4
Concluding Thoughts
The long history leading to the April 2020 Authorization of the Ligado Networks, LLC, low-power mobile satellite services (MSS) with an ancillary terrestrial component (ATC) stands as clear evidence of both the complicated technical, business, and operational challenges involved and of the complex administrative process that the Federal Communications Commission (FCC) has executed to reach its conclusions. The tasks assigned to the study committee are similarly complex, and the responses depend on the physics of the relevant electromagnetic emissions and reception, the use cases of that spectrum in a very busy bandwidth geography, and the implications of the long history of assessing and assigning spectrum rights for new entrants without generally assigning performance requirements on receivers.
In this context, the committee summarizes its responses to the task questions assigned as follows:
Task 1: [Consider] which of the two prevailing proposed approaches to evaluating harmful interference concerns—one based on a signal-to-noise interference protection criterion and the other based on a device-by-device measurement of the Global Positioning System (GPS) position error—most effectively mitigates risks of harmful interference with GPS services and U.S. Department of Defense (DoD) operations and activities.
Conclusion 1: Neither of the prevailing approaches to evaluating harmful interference concerns effectively mitigates the risk of harmful interference.
Task 2: [Consider] the potential for harmful interference from the proposed Ligado network to mobile satellite services including GPS and other commercial or DoD services, including the potential to affect DoD operations, and activities.
Conclusion 2: Based on the results of tests conducted to inform the Ligado proceeding, most commercially produced general navigation, timing, cellular, or certified aviation GPS receivers will not experience significant harmful interference from Ligado emissions as authorized by the FCC. High-precision (HP) receivers are the most vulnerable receiver class, with the largest proportion of units tested that will experience significant harmful interference from Ligado operations as authorized by the FCC.
Conclusion 3: It is within the state-of-the-practice of current technology to build a receiver that is robust to Ligado signals for any GPS application, and all GPS receiver manufacturers could field new designs that could co-exist with the authorized Ligado signals and achieve good performance even if their existing designs cannot.
Conclusion 4: Iridium terminals will experience harmful interference on their downlink caused by Ligado user terminals operating in the UL1 band while those Iridium terminals are within a significant range of a Ligado emitter—up to 732 m.
DoD has evaluated the impact of FCC Order 20-48 on department devices and missions and has asserted (see slides dated March 15, 20221), “The terrestrial network authorized by FCC Order 20-48 will create unacceptable harmful interference for DoD missions.
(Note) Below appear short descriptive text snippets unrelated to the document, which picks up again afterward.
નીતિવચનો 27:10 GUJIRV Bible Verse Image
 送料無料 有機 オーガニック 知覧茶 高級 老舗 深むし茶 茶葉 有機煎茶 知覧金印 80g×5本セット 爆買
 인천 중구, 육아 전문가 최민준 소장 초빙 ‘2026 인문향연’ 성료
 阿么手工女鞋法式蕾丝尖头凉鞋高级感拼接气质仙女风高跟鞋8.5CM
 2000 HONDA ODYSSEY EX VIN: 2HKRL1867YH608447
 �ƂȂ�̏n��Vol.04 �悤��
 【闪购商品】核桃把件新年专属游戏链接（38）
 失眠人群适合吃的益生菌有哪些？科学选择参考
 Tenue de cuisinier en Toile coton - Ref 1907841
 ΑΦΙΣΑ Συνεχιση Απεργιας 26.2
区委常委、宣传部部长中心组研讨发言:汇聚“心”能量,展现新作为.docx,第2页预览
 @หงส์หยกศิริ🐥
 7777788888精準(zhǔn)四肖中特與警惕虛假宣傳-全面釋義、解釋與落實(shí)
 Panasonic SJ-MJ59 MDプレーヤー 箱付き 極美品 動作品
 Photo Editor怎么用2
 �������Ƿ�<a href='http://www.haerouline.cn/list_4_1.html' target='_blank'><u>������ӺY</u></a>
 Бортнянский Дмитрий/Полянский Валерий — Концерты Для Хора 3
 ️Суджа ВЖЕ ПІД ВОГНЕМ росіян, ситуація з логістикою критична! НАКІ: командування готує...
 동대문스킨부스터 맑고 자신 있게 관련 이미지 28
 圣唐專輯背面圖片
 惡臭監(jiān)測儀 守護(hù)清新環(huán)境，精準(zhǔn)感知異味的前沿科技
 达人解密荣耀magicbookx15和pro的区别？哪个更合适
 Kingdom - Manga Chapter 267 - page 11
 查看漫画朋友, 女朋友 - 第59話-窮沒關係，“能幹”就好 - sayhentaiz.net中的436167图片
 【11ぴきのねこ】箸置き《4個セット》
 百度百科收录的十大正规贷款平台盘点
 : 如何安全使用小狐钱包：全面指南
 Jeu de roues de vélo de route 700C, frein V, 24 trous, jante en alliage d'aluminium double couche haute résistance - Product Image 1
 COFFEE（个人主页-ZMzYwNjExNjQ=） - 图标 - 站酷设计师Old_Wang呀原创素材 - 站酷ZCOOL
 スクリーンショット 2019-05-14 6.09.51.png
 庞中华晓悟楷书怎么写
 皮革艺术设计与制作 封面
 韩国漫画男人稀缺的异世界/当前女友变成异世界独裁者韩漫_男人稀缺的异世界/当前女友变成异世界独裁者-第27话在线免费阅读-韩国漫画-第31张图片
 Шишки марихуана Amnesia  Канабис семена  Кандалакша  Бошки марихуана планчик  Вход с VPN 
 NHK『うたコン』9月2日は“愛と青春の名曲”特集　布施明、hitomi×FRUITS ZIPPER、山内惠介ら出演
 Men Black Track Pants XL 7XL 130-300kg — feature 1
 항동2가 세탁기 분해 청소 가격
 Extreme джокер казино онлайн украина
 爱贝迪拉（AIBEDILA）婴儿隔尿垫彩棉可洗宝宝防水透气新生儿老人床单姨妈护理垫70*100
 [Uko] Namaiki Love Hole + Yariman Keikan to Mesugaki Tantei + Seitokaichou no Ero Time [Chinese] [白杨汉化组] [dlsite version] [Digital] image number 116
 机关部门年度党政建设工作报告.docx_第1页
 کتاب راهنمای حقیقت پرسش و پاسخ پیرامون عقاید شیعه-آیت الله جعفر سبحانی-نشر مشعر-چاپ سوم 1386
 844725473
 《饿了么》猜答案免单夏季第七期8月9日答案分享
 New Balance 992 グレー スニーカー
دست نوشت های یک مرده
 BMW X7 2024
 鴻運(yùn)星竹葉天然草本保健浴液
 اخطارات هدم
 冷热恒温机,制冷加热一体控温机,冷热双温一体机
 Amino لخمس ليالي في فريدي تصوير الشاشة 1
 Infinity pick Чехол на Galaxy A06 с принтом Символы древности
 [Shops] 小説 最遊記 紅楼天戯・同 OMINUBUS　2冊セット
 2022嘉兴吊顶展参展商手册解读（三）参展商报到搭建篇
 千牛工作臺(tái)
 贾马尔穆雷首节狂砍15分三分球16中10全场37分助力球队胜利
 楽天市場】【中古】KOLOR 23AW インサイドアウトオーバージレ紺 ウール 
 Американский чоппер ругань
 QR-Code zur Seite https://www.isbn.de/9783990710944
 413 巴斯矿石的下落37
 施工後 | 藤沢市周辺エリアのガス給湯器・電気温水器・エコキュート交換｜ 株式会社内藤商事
The mitigation techniques and other regulatory provision in FCC Order 20-48 are insufficient to protect national security missions.”
Additional information on the test results and analysis as they related to DoD systems and missions is discussed in a classified annex to this report.
Task 3: [Consider] the feasibility, practicality, and effectiveness of the mitigation measures required in the FCC order with respect to DoD devices, operations, and activities.
Conclusion 5: Although the mitigation procedures proposed in the order may be effective, in many cases such mitigation may be impractical without the extensive dialog among the affected parties presumed in the Order. In some cases, mitigation may not be practical at operationally relevant time scales or at reasonable cost.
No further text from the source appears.